Q-learning in particular had been limited in its ability to approximate the full state-action space, partially because existing methods were unable to model neural perception appropriately. With a resurgence of popularity in machine learning, (convolutional) neural networks (CNNs) emerged as a new possible function approximator for Q-learning. Deep CNNs use a feed-forward mechanism which is said to imitate the behavior of receptive fields, boding themselves well for perception-based agents.

Unfortunately, non-linear approximators such as neural nets were known to behave erratically in reinforcement learning, thus limiting their usability.

#### Deep Q-Learning

To tackle this problem Mnih, Kavukcuoglu, Silver, et al., 2015 [2] proposed a new form of Q-learning, titled deep Q-learning (it is also referred to as deep Q-networks (DQN)). In addition to using a convolutional neural net to model the state-action space, they leverage experience replay[3] as a stabilization mechanism. Experience replay collects a buffer of historical transition models and randomly inserts the transition values during the Q-update function. Any historical transition may influence the future action selection, thus averaging the behavior distribution overall and mitigating the occurrence of local minima or divergence.
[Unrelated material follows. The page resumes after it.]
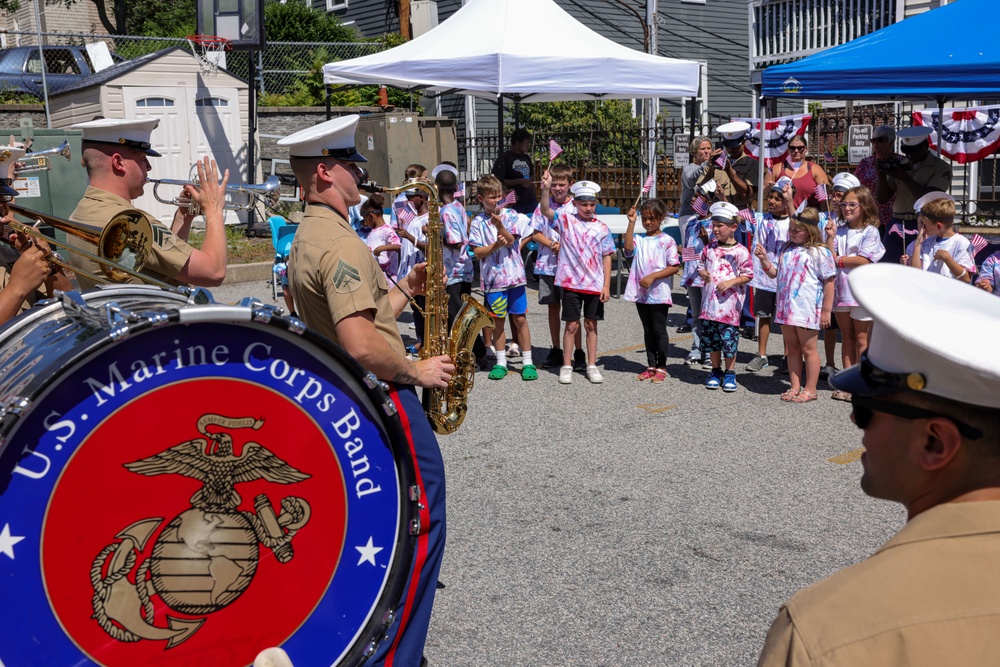 Quantico Marine Band Performs at “The Ollie”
Secondly, in every state-action update the target value, i.e. the expected return, is trained independently of the actual update function for several update epochs. This guarantees that an update to ${\displaystyle Q(s_{t},a_{i})}$ does not immediately impact updates to ${\displaystyle Q(s_{t+1},a)}$. If the model is at risk of diverging or oscillation, this method establishes a potential buffer to stabilize. It can be considered a hybrid off-policy approach as the policy is only improved every N-steps.

##### Algorithm

The algorithm below describes the typical behavior of a deep Q-learning framework. For ${\displaystyle M}$ episodes, the agent will iterate over its action-value function ${\displaystyle Q}$. To reduce CPU and memory usage, the state space is preprocessed using the ${\displaystyle \phi }$ function, which reduces the dimensionality of the input value. The agent uses Q-learning to update its action-value function ${\displaystyle Q}$. In each step, it selects an action ${\displaystyle a}$ ${\displaystyle \epsilon }$-greedily. This means that with an ${\displaystyle \epsilon }$ chance it will pick an action randomly to explore, otherwise it exploits and selects the action with the highest expected value. Note that the use of argmax in the selection process implies that the expected action space is low and likely discrete.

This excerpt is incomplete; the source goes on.